- Work required
Each line below must be reproduced exactly, though the pictures are to be dropped.

- Supplied material
_____

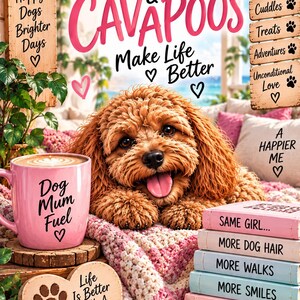 Könnte beinhalten: Ein flauschiger brauner Cavapoo-Hund ruht neben einer rosa Tasse mit der Aufschrift Dog Mum Fuel, einem herzförmigen Schild mit der Aufschrift Life Is Better With A Cavapoo und einem Stapel Bücher mit den Titeln Same Girl, More Dog Hair, More Walks, More Smiles, A Happier Life.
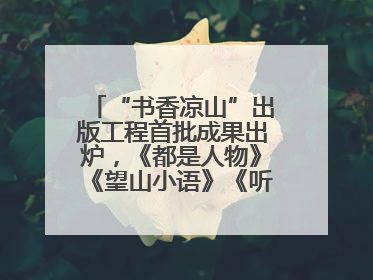 “书香凉山”出版工程首批成果出炉，《都是人物》《望山小语》《听海》亮相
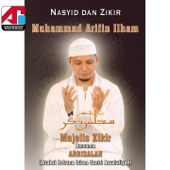 Nasyid Dan Zikir Majelis Zikir (feat. Arrisalah) - Muhammad Arifin Ilham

_____

- Task result
 Könnte beinhalten: Ein flauschiger brauner Cavapoo-Hund ruht neben einer rosa Tasse mit der Aufschrift Dog Mum Fuel, einem herzförmigen Schild mit der Aufschrift Life Is Better With A Cavapoo und einem Stapel Bücher mit den Titeln Same Girl, More Dog Hair, More Walks, More Smiles, A Happier Life.
 “书香凉山”出版工程首批成果出炉，《都是人物》《望山小语》《听海》亮相
 Nasyid Dan Zikir Majelis Zikir (feat. Arrisalah) - Muhammad Arifin Ilham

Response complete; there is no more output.